=== Begin Enclosure ===
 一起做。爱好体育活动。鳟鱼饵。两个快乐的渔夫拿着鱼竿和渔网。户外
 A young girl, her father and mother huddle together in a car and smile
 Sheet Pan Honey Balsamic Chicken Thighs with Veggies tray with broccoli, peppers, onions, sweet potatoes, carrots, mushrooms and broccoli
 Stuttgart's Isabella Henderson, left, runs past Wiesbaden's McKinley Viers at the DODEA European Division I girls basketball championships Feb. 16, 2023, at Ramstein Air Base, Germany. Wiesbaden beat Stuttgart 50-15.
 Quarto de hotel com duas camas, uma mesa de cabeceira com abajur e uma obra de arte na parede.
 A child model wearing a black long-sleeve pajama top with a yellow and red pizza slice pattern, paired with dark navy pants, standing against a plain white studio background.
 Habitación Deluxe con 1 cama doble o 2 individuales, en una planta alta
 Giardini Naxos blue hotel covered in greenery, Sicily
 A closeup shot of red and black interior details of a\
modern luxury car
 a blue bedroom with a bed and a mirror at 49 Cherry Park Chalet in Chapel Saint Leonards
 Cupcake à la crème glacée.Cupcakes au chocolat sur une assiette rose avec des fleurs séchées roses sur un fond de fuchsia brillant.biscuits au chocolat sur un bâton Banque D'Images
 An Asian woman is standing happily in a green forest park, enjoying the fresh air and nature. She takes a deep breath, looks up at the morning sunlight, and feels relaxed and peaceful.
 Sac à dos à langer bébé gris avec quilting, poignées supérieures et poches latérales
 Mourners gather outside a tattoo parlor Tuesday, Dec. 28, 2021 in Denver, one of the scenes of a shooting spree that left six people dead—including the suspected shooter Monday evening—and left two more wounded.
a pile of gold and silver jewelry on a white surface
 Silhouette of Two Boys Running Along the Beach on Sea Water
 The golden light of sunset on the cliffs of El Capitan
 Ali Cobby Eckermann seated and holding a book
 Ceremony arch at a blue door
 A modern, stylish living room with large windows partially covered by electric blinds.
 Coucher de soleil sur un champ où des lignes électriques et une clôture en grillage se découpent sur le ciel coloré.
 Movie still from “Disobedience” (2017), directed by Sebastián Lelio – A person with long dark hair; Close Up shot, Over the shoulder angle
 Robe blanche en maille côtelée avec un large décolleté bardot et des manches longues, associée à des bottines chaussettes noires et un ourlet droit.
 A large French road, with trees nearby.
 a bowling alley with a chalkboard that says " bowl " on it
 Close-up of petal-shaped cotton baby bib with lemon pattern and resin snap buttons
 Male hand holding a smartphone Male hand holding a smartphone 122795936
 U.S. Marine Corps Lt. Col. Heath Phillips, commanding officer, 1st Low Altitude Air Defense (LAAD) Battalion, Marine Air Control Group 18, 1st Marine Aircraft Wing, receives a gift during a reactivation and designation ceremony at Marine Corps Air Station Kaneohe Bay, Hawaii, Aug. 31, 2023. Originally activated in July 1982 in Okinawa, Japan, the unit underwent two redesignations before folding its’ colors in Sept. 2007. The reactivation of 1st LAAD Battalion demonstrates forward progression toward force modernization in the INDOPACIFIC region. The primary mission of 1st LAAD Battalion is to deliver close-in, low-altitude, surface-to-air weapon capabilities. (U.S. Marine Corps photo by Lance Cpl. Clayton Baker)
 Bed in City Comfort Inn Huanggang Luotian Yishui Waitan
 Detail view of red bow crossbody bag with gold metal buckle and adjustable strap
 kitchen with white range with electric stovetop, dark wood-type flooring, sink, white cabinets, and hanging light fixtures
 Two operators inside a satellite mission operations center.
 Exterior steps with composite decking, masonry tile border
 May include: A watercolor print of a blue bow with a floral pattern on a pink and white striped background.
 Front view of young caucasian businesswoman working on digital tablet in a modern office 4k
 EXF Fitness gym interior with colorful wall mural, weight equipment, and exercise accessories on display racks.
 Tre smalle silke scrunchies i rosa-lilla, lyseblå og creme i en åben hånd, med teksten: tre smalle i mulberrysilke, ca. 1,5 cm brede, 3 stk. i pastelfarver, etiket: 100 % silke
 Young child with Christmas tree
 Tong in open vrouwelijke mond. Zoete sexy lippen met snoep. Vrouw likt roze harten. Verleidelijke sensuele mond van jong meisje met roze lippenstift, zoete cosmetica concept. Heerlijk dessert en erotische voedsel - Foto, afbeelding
=== End Enclosure ===
### EXERCISE DESCRIPTION
Reproduce exactly, and only, the part of the listing above that begins at the line with "a pile of gold" and goes on through the line with "a bowling alley".

### ANSWER SPACE
a pile of gold and silver jewelry on a white surface
 Silhouette of Two Boys Running Along the Beach on Sea Water
 The golden light of sunset on the cliffs of El Capitan
 Ali Cobby Eckermann seated and holding a book
 Ceremony arch at a blue door
 A modern, stylish living room with large windows partially covered by electric blinds.
 Coucher de soleil sur un champ où des lignes électriques et une clôture en grillage se découpent sur le ciel coloré.
 Movie still from “Disobedience” (2017), directed by Sebastián Lelio – A person with long dark hair; Close Up shot, Over the shoulder angle
 Robe blanche en maille côtelée avec un large décolleté bardot et des manches longues, associée à des bottines chaussettes noires et un ourlet droit.
 A large French road, with trees nearby.
 a bowling alley with a chalkboard that says " bowl " on it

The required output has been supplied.